Clearly, the element of fairness in the allocation of public contracts and giving consumers a chance to pay less through competition for their electricity supply — at a time oil prices, and hence the cost of producing thermal electricity has gone down — was missed in the process. Who has been speaking of productivity gains of our enterprises in this era of global competition by, for example reducing input – such as electricity — prices? Renegotiating through renewed invitation for bids the iron-cast one-sided IPP contracts at their expiry for renewal on terms and conditions more favourable to the public interest would have made more sense, including in financial terms. But this aspect does not appear to have even been considered.

Another impact of the decision to allocate the three-year not-bid-for contract to ALTEO is to be seen by what happens to CT Power. Coal being coal, if there was no objection to ALTEO getting on with its new contract based on coal as input, why was the CT Power project which is equally based on coal not considered on the same footing as ALTEO? There was no notice published by the Ministry of Environment at the time or before the new contract was granted to ALTEO that the latter had been asked to meet EIA requirements or that it had satisfied all the criteria to have been awarded the EIA certificate in respect of its new coal-fired project. Yet, it sailed through.
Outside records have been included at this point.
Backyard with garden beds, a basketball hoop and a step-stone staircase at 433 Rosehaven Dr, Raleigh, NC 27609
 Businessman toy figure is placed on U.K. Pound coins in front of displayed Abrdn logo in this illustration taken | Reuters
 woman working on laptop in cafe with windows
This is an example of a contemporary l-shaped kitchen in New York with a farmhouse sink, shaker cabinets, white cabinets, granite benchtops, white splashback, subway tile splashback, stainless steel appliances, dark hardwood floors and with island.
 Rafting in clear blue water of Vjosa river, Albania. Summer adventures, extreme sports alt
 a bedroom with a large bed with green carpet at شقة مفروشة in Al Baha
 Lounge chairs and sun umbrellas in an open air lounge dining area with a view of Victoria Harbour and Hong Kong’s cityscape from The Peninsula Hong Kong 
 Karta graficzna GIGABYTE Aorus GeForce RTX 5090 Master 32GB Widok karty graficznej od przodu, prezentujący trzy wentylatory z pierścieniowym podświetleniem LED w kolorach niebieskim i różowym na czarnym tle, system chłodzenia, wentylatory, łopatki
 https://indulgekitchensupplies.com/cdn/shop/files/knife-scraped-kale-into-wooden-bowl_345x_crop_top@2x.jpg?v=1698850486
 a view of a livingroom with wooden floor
Unlike CT Power which had to satisfy the court that it will abide by all the conditions laid down in the matter of respecting the terms of its EIA, it would appear ALTEO was not subjected to the same process before the new three-year coal-based contract was awarded to it without going through a bidding process. One would want to know the reason(s) why all power producers, including new ones, are not treated on a par with each other.

CT Power would legitimately have a serious concern with the additional supply (2× 45 MW) of electricity to the CEB by ALTEO, apparently allocated to it without following the necessary bid procedure, if that was effectively the case. Being a potential supplier of coal-based electricity to the CEB, CT Power would feel prejudiced inasmuch as the supply allocated to ALTEO might impact on the CEB demand from the very source CT Power was earmarked to meet. In the worst case, given the series of administrative tracasseries CT Power has been facing all these years, it would appear the plan would be to rid the place of anyone not forming part of the existing club of IPPs.

The entire process, from working our electricity supply at the edge of installed capacity as if to have no choice left than to renew the contracts of existing IPPs at the risk of facing serial power blackouts, appears to be going against the interests of the country. It is well known that precipitous decisions taken in the face of wilful or unintended emergency situations created in as sensitive an area as the country’s electricity supply carry a cost – a heavy cost.

Were we to keep playing in the hands of the historical producers, we would have nobody to blame but ourselves. We would also have to admit, by the same token, that the reality is that we could push the sector to its extreme limits each time at the risk of blackouts to suit the pursuits of a handful of producers making the difference between whether we get our light or remain in the darkness they confine us to from time to time.

For a government which claimed to tread solidly on principles, there is a big public disappointment from the deeds it has been doing or not doing.